Over the last couple of weeks, we have had a lot of questions about communication with the school team. Parents are frustrated that they email and either get no response, a response with a non-answer, or a phone call. Every response gives you insight, and there are ways to check your assumptions to ensure transparent communication.  Let’s discuss what each response might mean and how to check assumptions and ensure successful communication with your child’s IEP team. 

No Response

This one is frustrating because it leaves you without any communication from the school. It is often described as being ghosted by the school. Parents have expressed anger, frustration, disappointment, and even rejection when there is no response from the school.  t is tough not to make assumptions, so let’s check them.  At Sage, we teach our clients how to ask questions that help them understand the school's perspective, thus allowing for clear, trusting communication.  

A Non-Answer

A non-answer response is almost always as frustrating as not getting any response. You know that they took the time to read your email but still didn’t answer the question(s). This typically indicates they do not want to answer the question because it might disclose something they might not be doing. In addition to possibly disclosing something, there is the real fact that many teams are inexperienced and might not know how to answer your question(s). And, sadly, there is always the possibility that a non-answer is a passive-aggressive way of interacting with you and not valuing your position as a parent.

The Phone Call

If you send an email and get a phone call instead of a written response to your question(s), this could mean a lot of different things. We approach these situations with caution. No matter how good of a relationship you might think you have with your school, they are still part of the larger district. What we mean by that is that the team works at the discretion of their evaluator and, therefore, the district. There may be things about what they are doing they want to keep undocumented, thus the phone call instead of responding in writing. They may also want to “discuss” it with you before responding to better understand your questions. They may even want to “build” on your relationship by “just talking.” What we know from clients is that they feel valued and listened to when the school calls. Sometimes, the intentions are positive; however, we have found that more often than not, the intentions are questionable. Even if you record the conversation, phone calls are ambiguous and lack clarity.  

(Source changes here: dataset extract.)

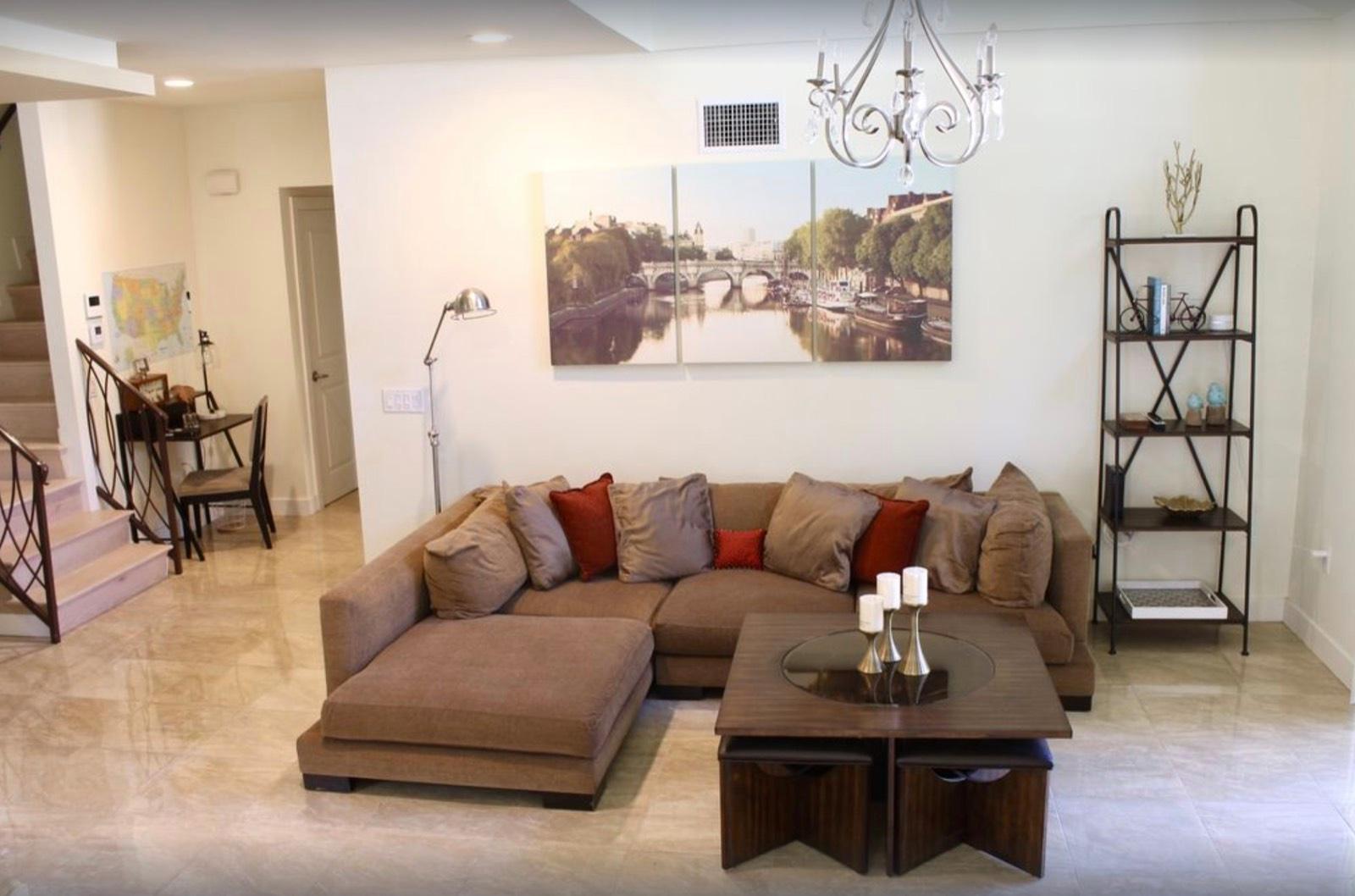 CS'S Glam Valley Home — photo 1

Below, we offer some general guidance around communicating with your school team:

  1. Research the school and district policies on communication. Some districts have policies on how long staff have to return emails. Others have no such policy. If you cannot find a policy, ask the school leader what their expectations are around communication.  

  1. Keep your emails short. We know there is a real shortage of educators, and they are pressed for time, so to facilitate successful communication, keep it short and direct.  

  2. Always email your child's case manager first. They are your point person. 

  3. Have a “read receipt” if your email allows. 

  4. Do not add anyone to the email thread that is not directly related to supporting your child. Most districts will redirect your email back to the team if you email central office staff. There is a time and place for including others.  

  5. Ask questions in a non-threatening way and do not threaten to “get an advocate or lawyer.” You cannot scare a district into doing what is right for your child.  

  6. If it is not documented, it didn’t happen. 

Here are some suggestions for dealing with the following replies:

No Reply:

  1. If the district has a communication policy, refer to it in a follow-up email. For example, “according to District Policy xx” we are looking forward to your response.  

  2. Reply with “bringing this to the top of your inbox in case you missed it.”

  3. If the no-reply has been a consistent response from the team, reply with how that makes you feel. “When you do not respond to my emails, it makes me feel xxxx, and gives the impression you do not value my input.”

  4. Consult with an advocate because there may be nuances that need to be addressed.  


  1. Reply and let them know you do not think they answered your question. It is okay to be direct.  Sometimes you might need to check their response by asking for clarification.  

  2. If the non-answer has been a consistent response from the team, reply with how that makes you feel. “When you do not answer the questions directly, it makes me feel xxxx, and gives the impression you do not value my input.” Then ask if there is a reason they are not answering your questions directly.

The Phone Call:

  1. While they may have positive intentions and it might be easier to discuss on the phone, do not answer. 

  2. Follow up with an email stating you request communication be done only through email. 

  3. Do not text.  

  4. In your email, ask them why they called instead of responding via email.  

  5. Do not record the conversation unless you are aware of the laws in your state and are following them. 

  6. If you end up having a phone conversation, you must follow up with an email to the person you spoke with, summarizing your conversation. Ask them why they called you instead of emailing back. 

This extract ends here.